# G0602/G0752 ER32 COLLET ADAPTER



## tcarrington (Feb 8, 2022)

While this has been done before, I haven't seen one that looks like this. The goal was to put the work area out a few inches from the spindle face plate, but not take up any more diameter than required. This made the material requirement a little less, but also eliminated the ability to use an existing chuck face plate. Made several balls of blue aggressive steel wool.

This is the one piece answer. Since I was making this on the machine for which it was intended, I first made a copy of the spindle end on my machine. Used the same chrome-moly steel to make that which proved the thread cutting tool on the end of the big (3/4 inch) boring bar. 
It all came about because my defense industry machinist son gave me a set of collets (not the expensive ones, but these do hold 0.0002 in the home made adapter. He also included a square adapter that made is easy to set the taper for the collet. 

The major difficulty was parting, which would be eliminated if one had a power hacksaw or cold cut-off saw.

Major features:
1. Extra 10mm of collet depth and nut threads to allow for recutting the taper
2. uses existing anti-rotation hardware to prevent unthreading during left-hand operation
3. Small, smooth OD to lessen snagging when doing the fiddly operations
4. Removal accomplished with hook spanner - same size that fits the spindle
5. There is plenty of "meat" and distance to add a through hole in the middle for another means of removal.
6. collet nut and taper turned in place on spindle virtually assures concentricity. 

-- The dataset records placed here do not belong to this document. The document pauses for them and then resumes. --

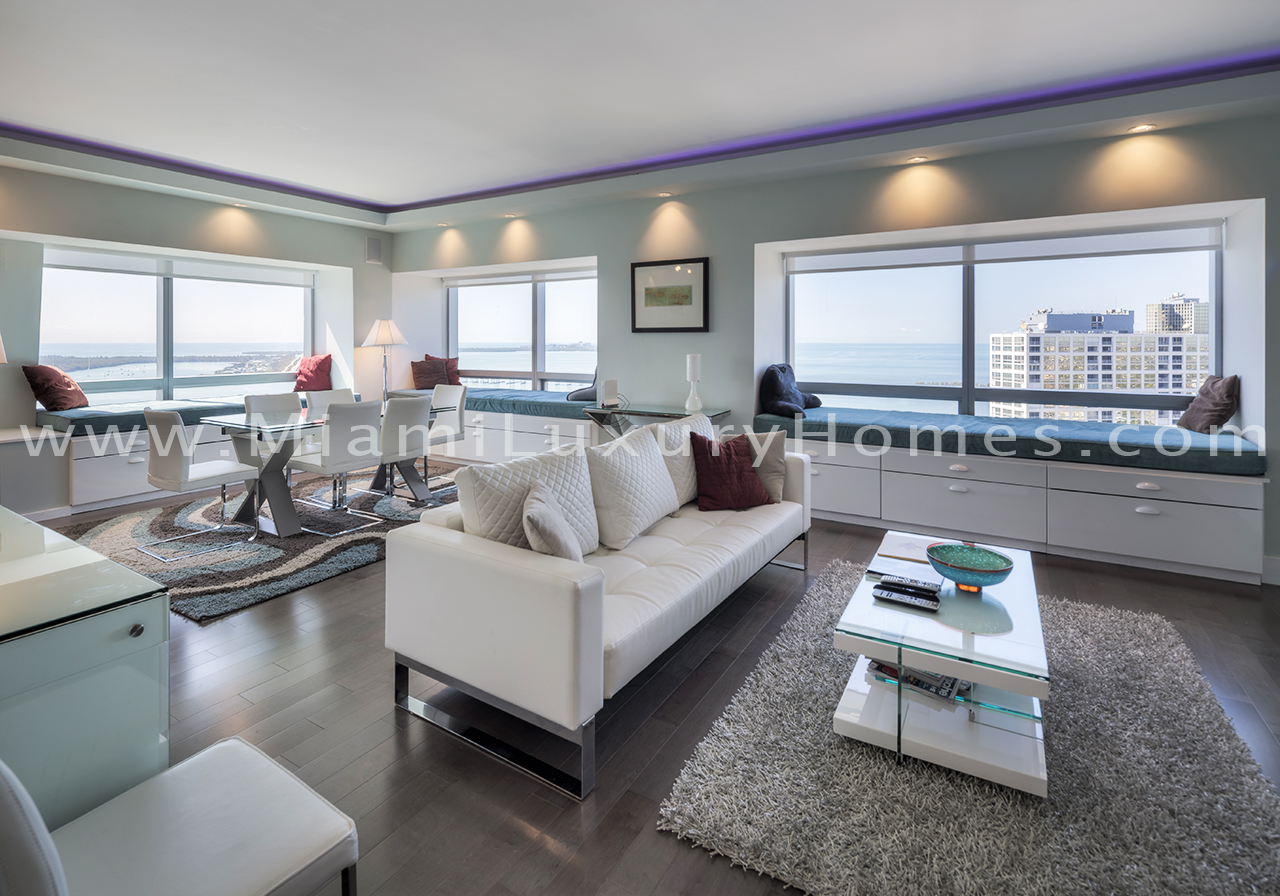 Four Seasons Unit 3406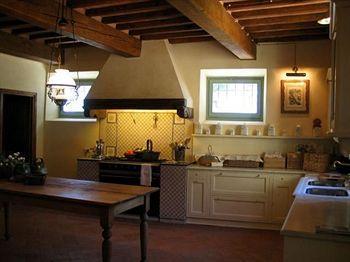 Apartamento Strozzi Florencia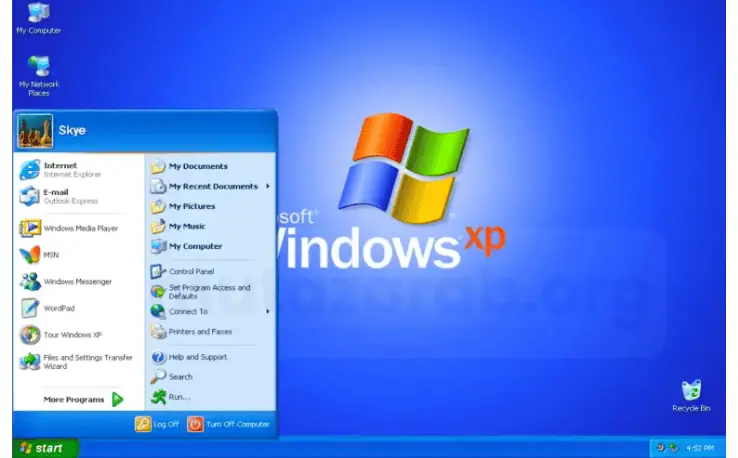 windows xp download 64-bit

Fabrickator (from one of his old threads on the subject) is correct, just like the screw on chucks and chuck plates, they are hard to break loose from the spindle.


----------



## fitterman1 (Feb 8, 2022)

There is always a way to get around workholding. I like your initiative.


----------



## brino (Feb 8, 2022)

Nice work!

Thanks for sharing this.
Brian


----------



## dewbane (Aug 21, 2022)

I wish I had found this thread sooner. This is a really good idea that solves all the problems and looks good doing it.


----------